• AIM OF THE TASK: Give all of the listing again word for word, with images excluded.

• DATA BLOCK:
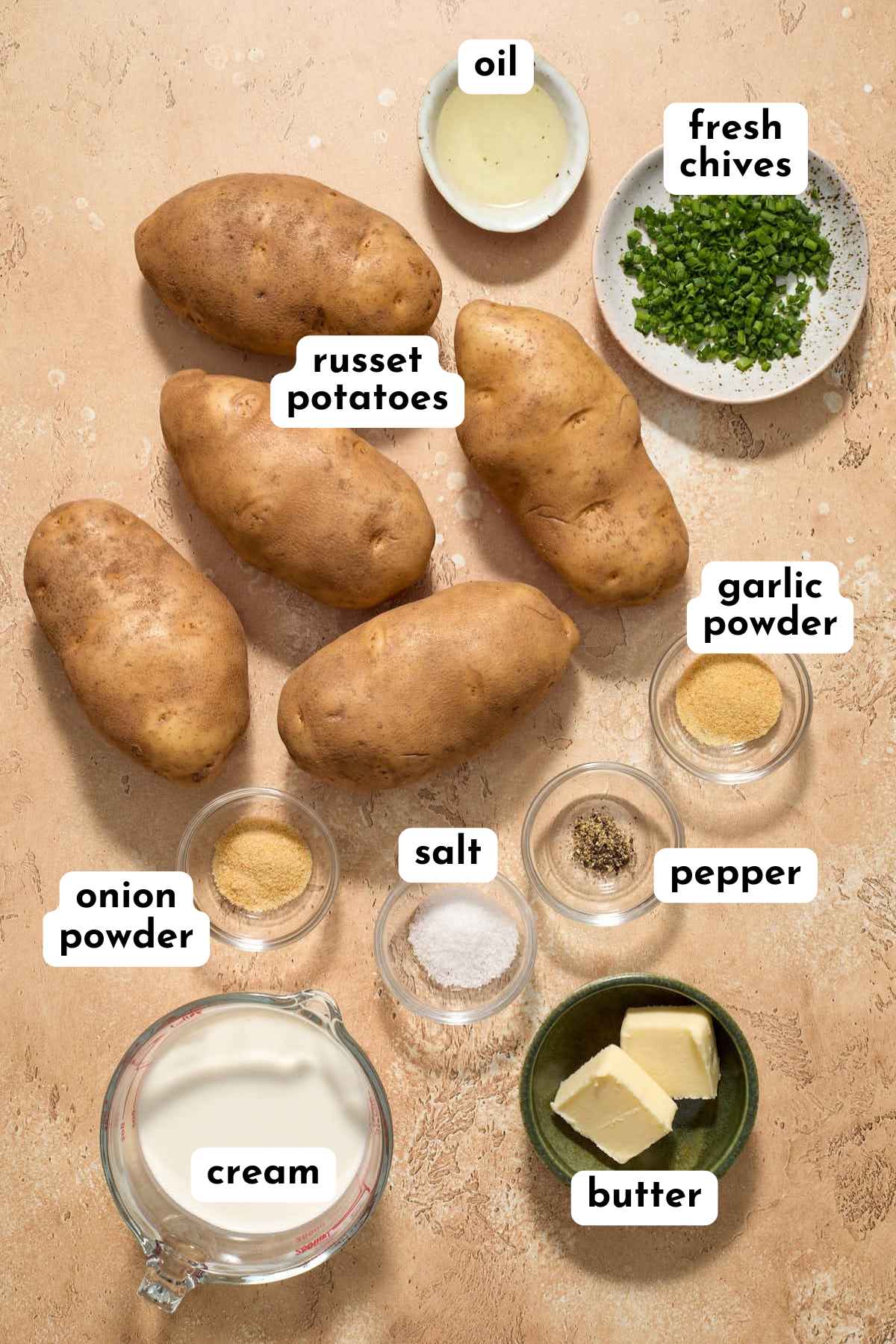 Ingredients to make air fryer mashed potatoes arranged individually and labeled.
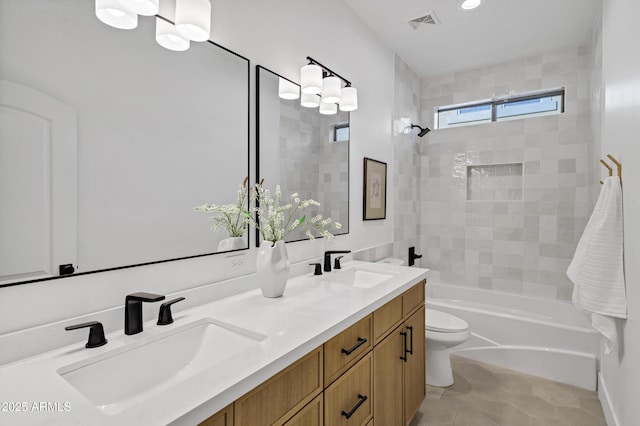 2774 E Valencia St, Gilbert, AZ 85296 - full bathroom featuring toilet, double vanity, and shower / bathtub combination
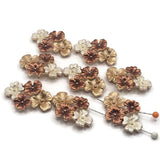 Elegant bright gold floral slider bead with sculpted copper, champagne-gold, and pearl-white flowers. The two-hole design makes this decorative focal ideal for bracelets, necklaces, bead weaving, and multi-strand handmade jewelry projects.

• EXERCISE SOLUTION:
 Ingredients to make air fryer mashed potatoes arranged individually and labeled.
 2774 E Valencia St, Gilbert, AZ 85296 - full bathroom featuring toilet, double vanity, and shower / bathtub combination
 Elegant bright gold floral slider bead with sculpted copper, champagne-gold, and pearl-white flowers. The two-hole design makes this decorative focal ideal for bracelets, necklaces, bead weaving, and multi-strand handmade jewelry projects.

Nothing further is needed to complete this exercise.